December 20, 2014
20. Aphex Twin
Lest anyone had forgotten that Richard D James sat right at the top of the electronic music pyramid, the Cornish producer set the cat amongst the pigeons with his first album in 13 years. Presented as a triple vinyl LP in an irresistible triptych sleeve, Syro sees the producer cover slouching funk, frenzied acid, braindance and breaks in inimitable Aphex style.
19. Theo Parrish
It’s snuck out just in time to make the cut and boy it make an impact. Aside from the somewhat tiresome conversations about pricing, the music is equally substantial, with nine huge tracks unfolding in set pieces that almost need to be taken one at a time, like a room full of vast and devastating paintings that you’d never be able to digest in one go. In that sense it’s perhaps better approached as a series of 12”s that require your full participation as a listener, as tracks like ‘Fallen Funk’ and ‘Be In Yo Self’ mutate with uncompromising muscularity. Observe first and then find your way in, American Intelligence rewards the bold and open-minded.
18. Bing & Ruth
Tomorrow Was The Golden Age
Bass, clarinet, cello and piano, fed through tape-delay, for an album that’s moving in two senses of the word: a richly affecting compound of tone, transportive and flowing in the way a glacier might be, given time. The neither modern classical nor ambient project is led by pianist and composer David Moore from New York, and it demands a proper listen.
17. Sun Kil Moon
Mark Kozelek’s gloomy creative spirit continues with his most personal and emotionally taxing album by a country mile. His world-weary lyrics almost entirely centre around death – the passing of relatives, friends, strangers and children. Unreservedly but tenderly laying bare his deepest emotions and fears, Kozelek’s almost confessional journey with Benji leaves you with the feeling that even when life is ugly and unjust, it can be endearingly wry.

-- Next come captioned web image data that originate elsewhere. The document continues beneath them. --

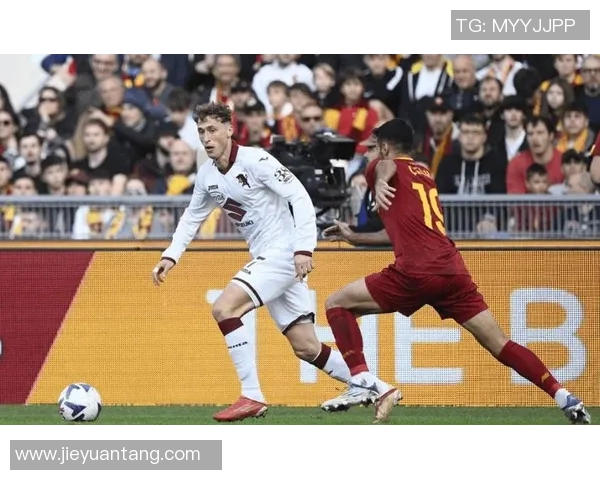 帕纳辛纳与拉米亚的精彩对决揭示希腊足球的激烈竞争与魅力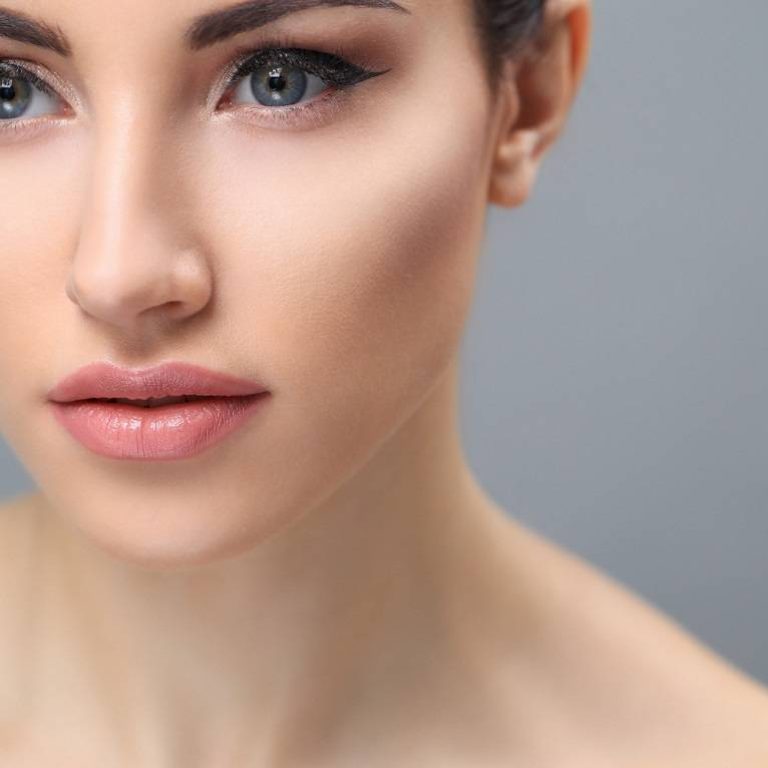 Aumento de pómulos - Centro Europeo de Cirugía Estética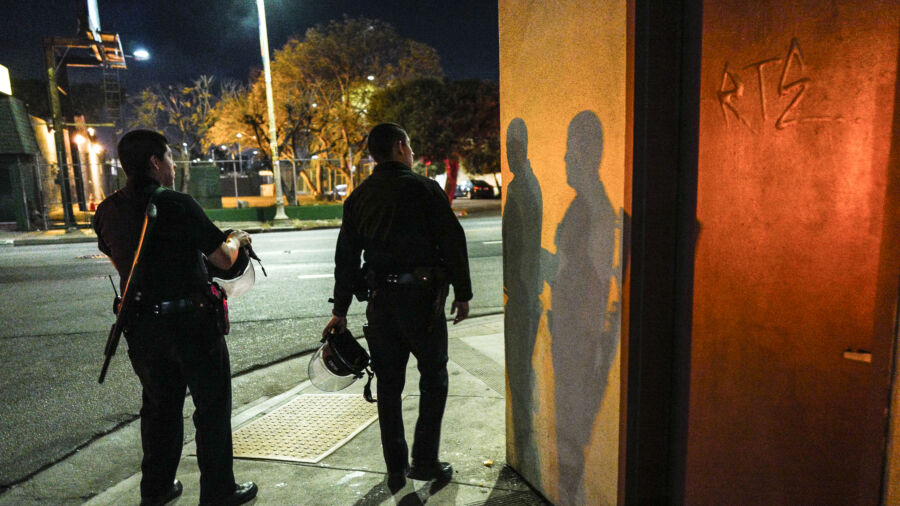 Los Angeles Police Union Says Officers Should No Longer Respond to Certain Calls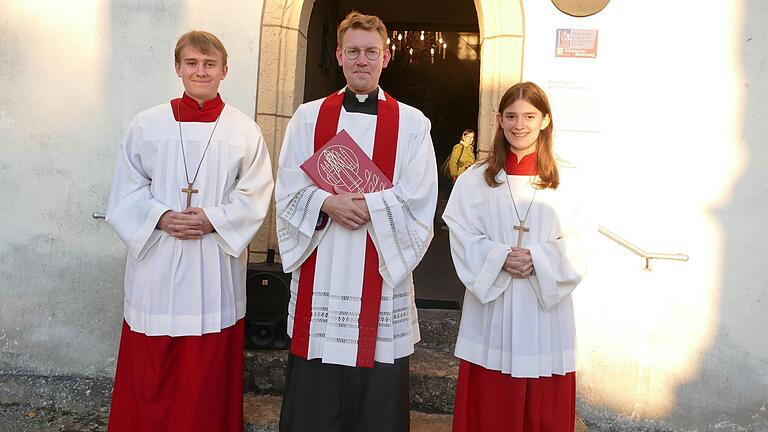 Gastprediger war Christian Staude, Subregens der Herzoglich Georgianischen Priesterhaus-Stiftung in München. Mit im Bild die Ministranten Fabian und Leonie Beck.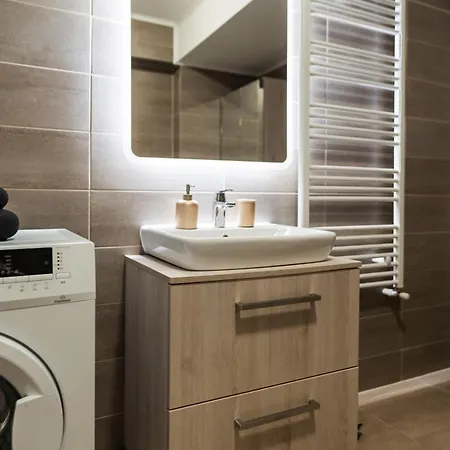 Apartament Skylark - Tokyo Penthouse With Jacuzzi, Movie Theater & Panoramic View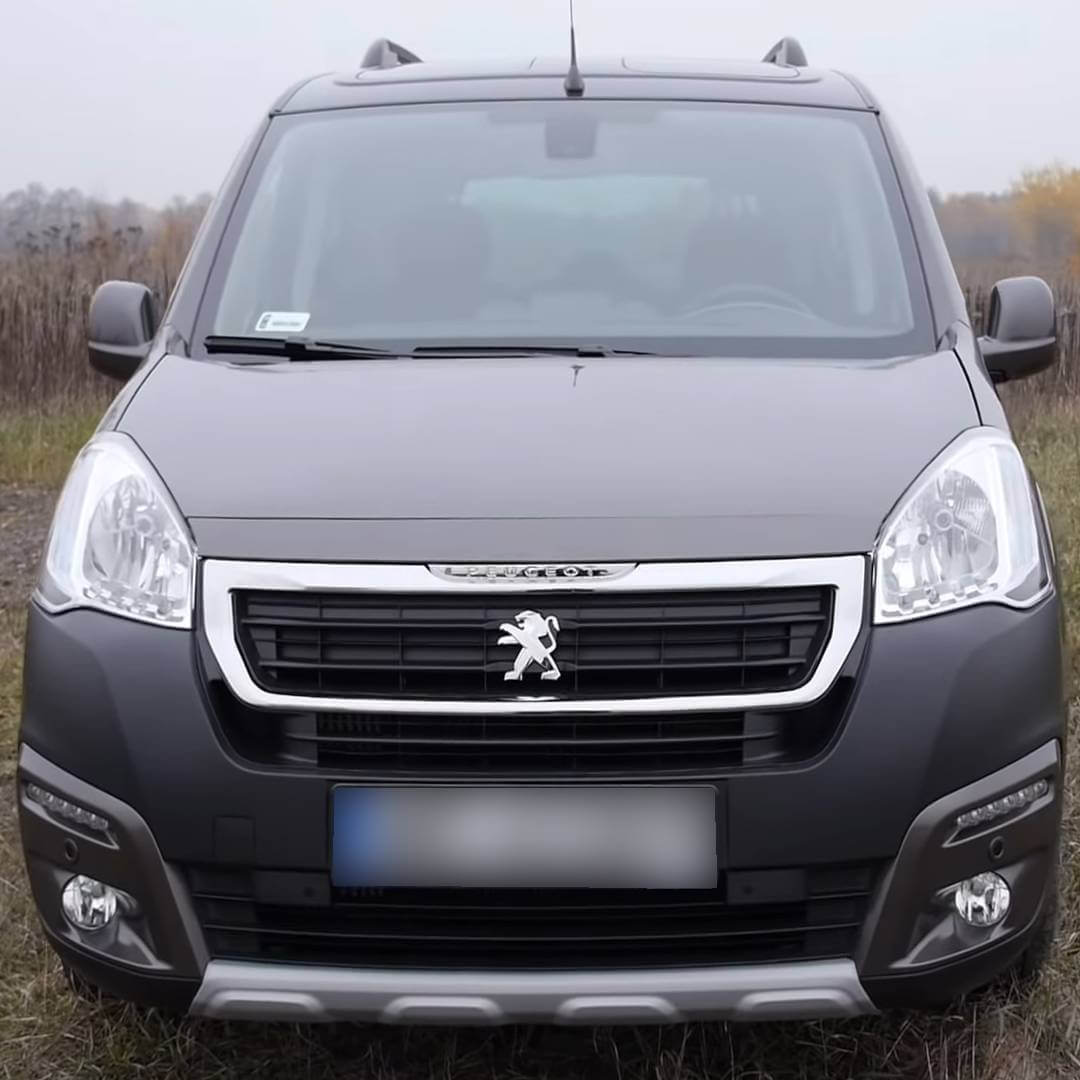 Peugeot Partner Tepee grauer Kompaktvan von vorne mit Peugeot-Logo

Who would have thought that naming yourself after one of the first domesticated ruminants, dressing like a garish outernational circus and channeling Swedish voodoo traditions and ethnomusicology would have been a path to wide spread acclaim? There was also some skepticism about Goat’s ability to follow up on their stellar debut, but the vital energy and amped up psychedelia of their live show does indeed translate here and ultimately made Commune a highlight of the year.